Afyon skandalının tarafları konuştu
Abone olAKP'de fırtınalara neden olan Afyon il teştilatındaki gelişmeler konusunda taraflar ilk kez konuştu. İstifa eden Balandı, söylemediği şeylerin haber yapıldığını açıkladı.
AKP'yi sarsan Afyon kavgasının tarafları Balandı ve Çoban ilk
kez Sabah'tan Şirin Sever'e konuştu. Sürpriz çatışma İktidar
partisi AKP Afyon'da bir merkez-yerel teşkilat çatışması yaşadı.

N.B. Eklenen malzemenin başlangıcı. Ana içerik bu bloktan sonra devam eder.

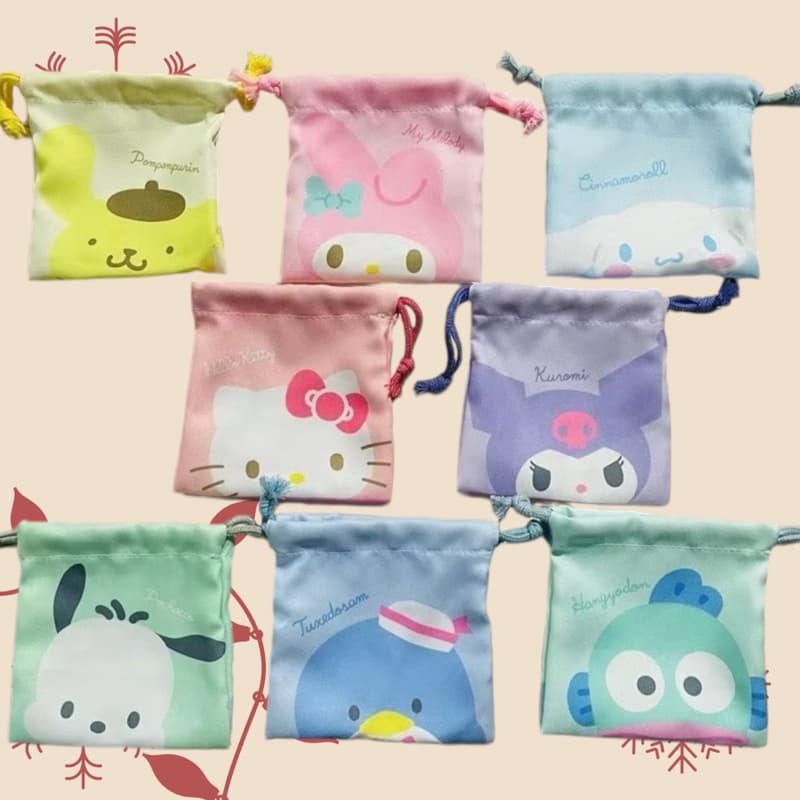 กระเป๋าผ้าหูรูดลายการ์ตูน Sanrio กระเป๋าถุงผ้า กระเป๋าหูรูด จุของได้ดี ประหยัดพื้นที่ มีลายเยอะ รูปที่ 5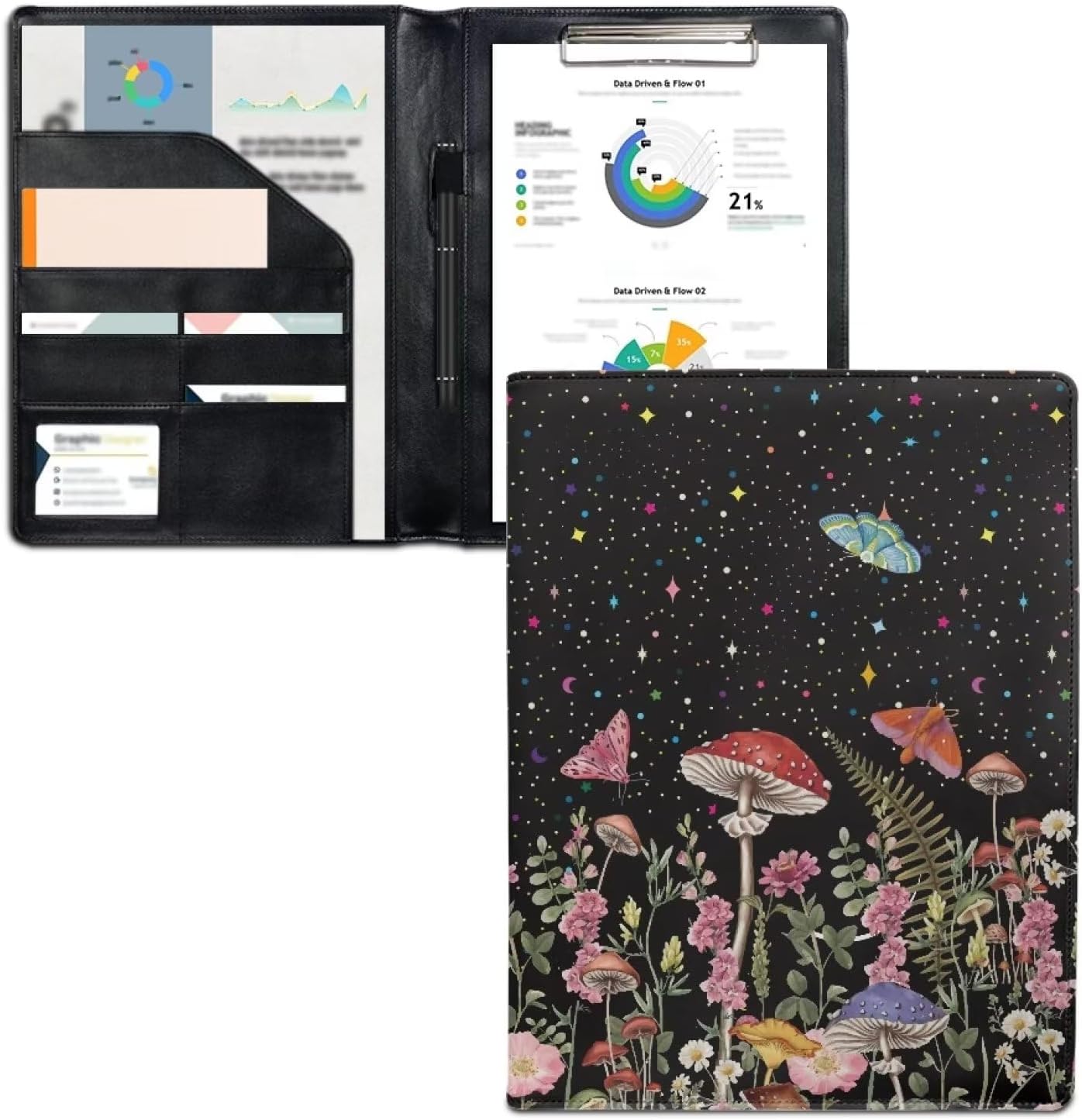 Dreaweet Mushroom Print Padfolio Clipboard Folder Leather Portfolio Organizer Binder for Women,Cute Business Organizer Suitable for Interviews,Resumes,and Conference Documents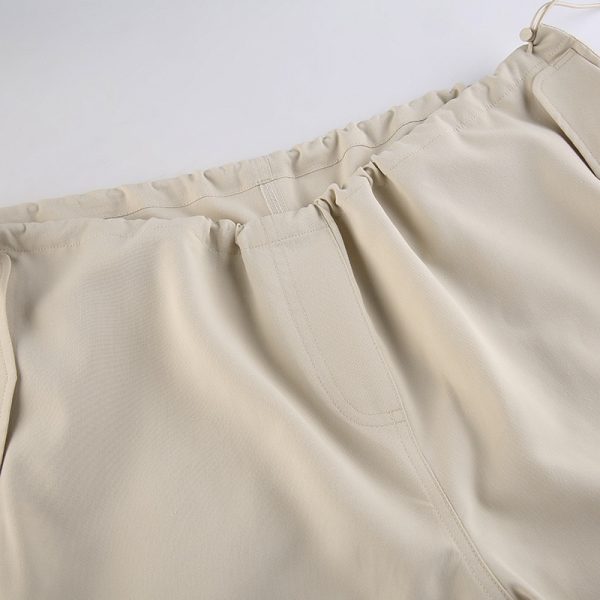 Women Solid Joggers Tech Pants Autumn Low Waist Punk Hip Hop Baggy Trousers Streetwear Casual Drawstring Wide Leg Cargo Pants - Image 6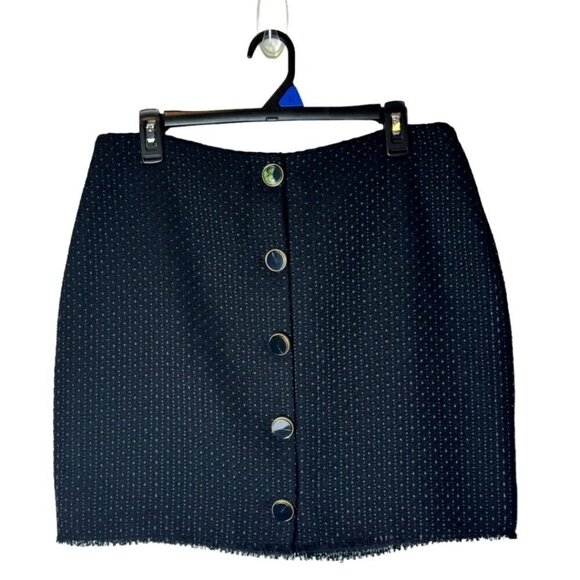 L Academie Skirt Women Large Black Tweed Fringe Hem A Line The Marla Mini NWT - Picture 2 of 10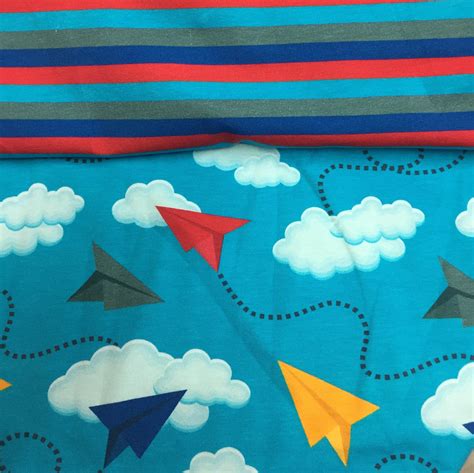 Paper Airplane Red Stripe on Organic Cotton/Spandex Jersey Fabric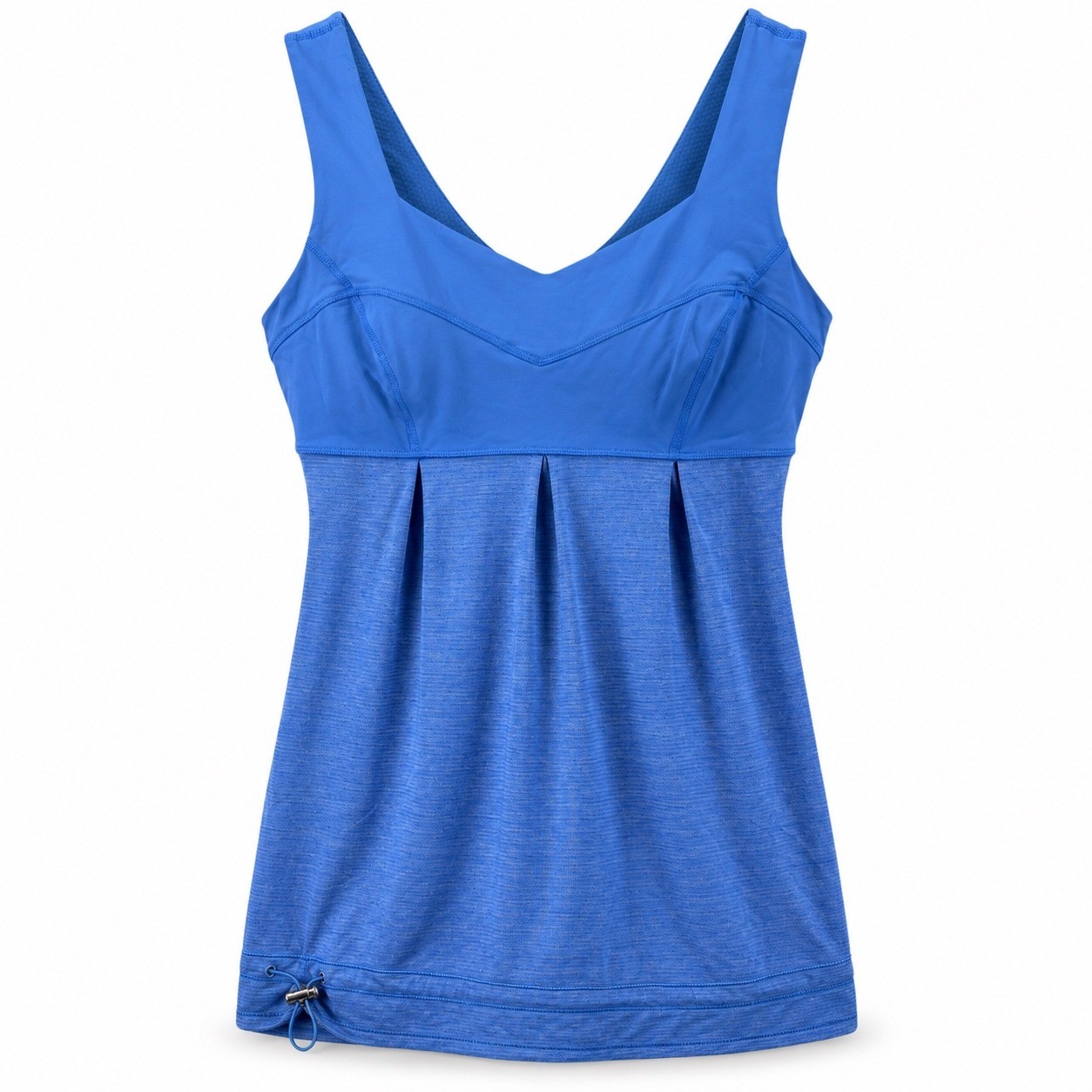 Lululemon Run Tame Me Tank Women\'s 8 Blue Longline Cinch Hem Built In Bra Yoga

Kadın milletvekili Reyhan Balandı partiden, İl Başkanı Burhanettin
Çoban da görevinden istifa etti. GENEL BAŞKAN'I DA ELEŞTİRDİ Çoban,
Reyhan Balandı'yı il başkanını kendi emrinde bir görevli olarak
görmeye çalışmakla eleştiriyor. Milletvekili seçilmeden önce de
Genel Başkan Erdoğan'ı eleştirdiğini söylüyor. AÇIK AÇIK ELEŞTİRDİ
Şirin Sever'le görüşen Reyhan Balandı İl Başkanı Çoban için şöyle
dedi: "Bana açık açık 'bakanlıklara gitmesen iyi olur' dedi. Ben de
il başkanı sensin. Yanlış anlayanı sustur dedim." GERİ DÖNMEM
Balandı, il başkanının istifa etmesinin geri dönmesini sağlayıp
sağlamayacağı sorusunu da "Ben artık bağımsızım" diye yanıtladı.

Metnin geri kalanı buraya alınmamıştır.